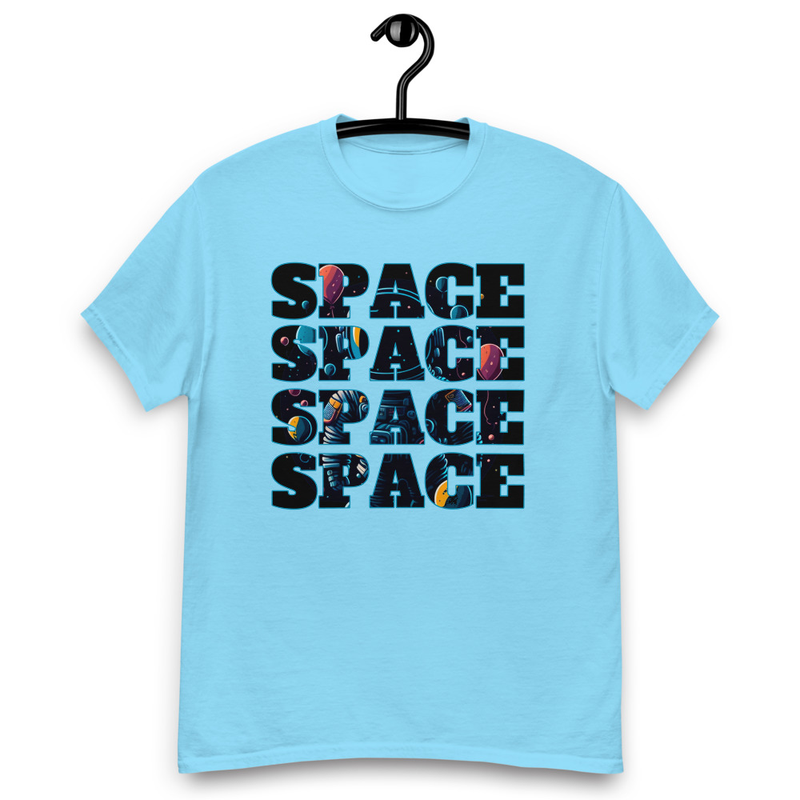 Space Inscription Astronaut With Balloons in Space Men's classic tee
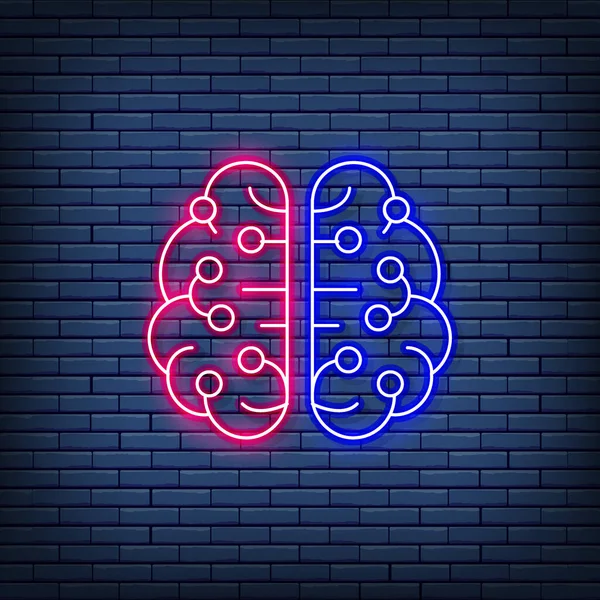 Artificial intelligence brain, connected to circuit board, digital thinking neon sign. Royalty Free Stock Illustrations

_ _ _

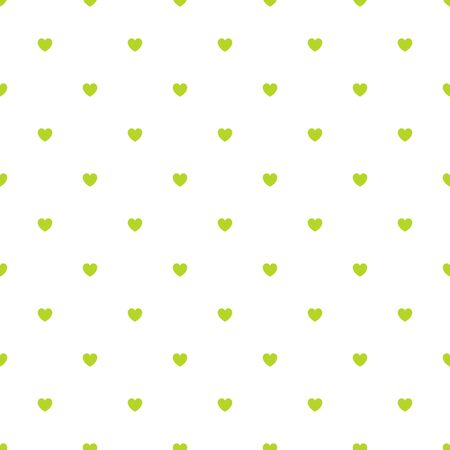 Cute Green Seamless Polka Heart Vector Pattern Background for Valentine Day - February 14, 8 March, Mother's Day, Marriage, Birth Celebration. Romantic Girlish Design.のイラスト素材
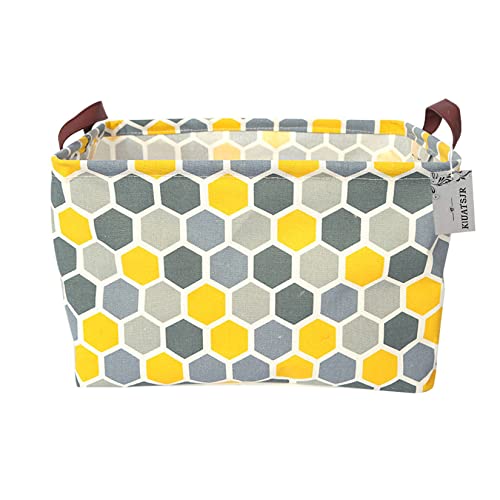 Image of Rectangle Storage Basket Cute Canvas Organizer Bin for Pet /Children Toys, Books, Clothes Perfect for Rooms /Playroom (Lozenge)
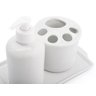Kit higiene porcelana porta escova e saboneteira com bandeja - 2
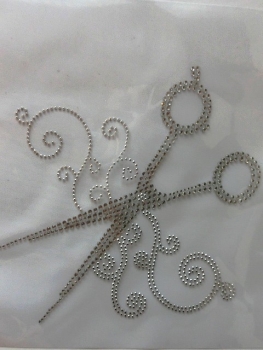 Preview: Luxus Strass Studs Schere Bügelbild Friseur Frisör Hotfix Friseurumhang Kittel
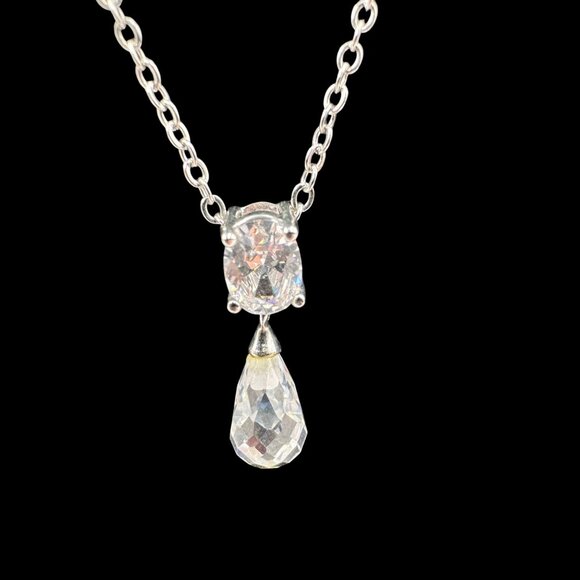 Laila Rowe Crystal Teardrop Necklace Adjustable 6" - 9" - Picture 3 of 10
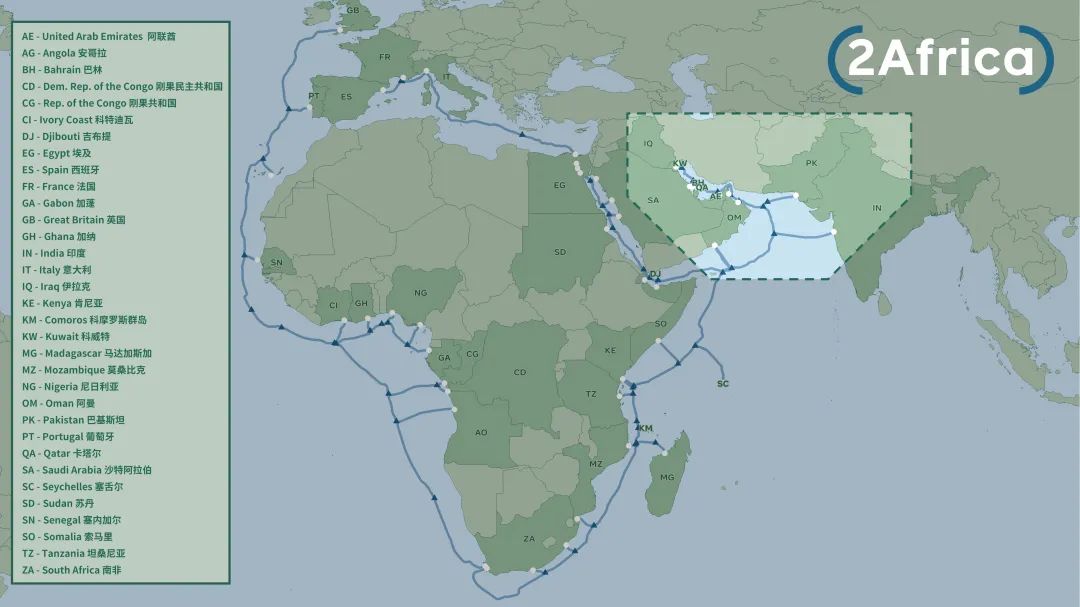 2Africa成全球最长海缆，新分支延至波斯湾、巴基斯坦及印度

_ _ _

▶ REQUIRED ACTION: After locating "Space Inscription Astronaut" and "Artificial intelligence brain, connected" in the records above, return exactly the line holding each one and every line between them; leave out the pictures.

▶ EXERCISE RESULT:
 Space Inscription Astronaut With Balloons in Space Men's classic tee
 Artificial intelligence brain, connected to circuit board, digital thinking neon sign. Royalty Free Stock Illustrations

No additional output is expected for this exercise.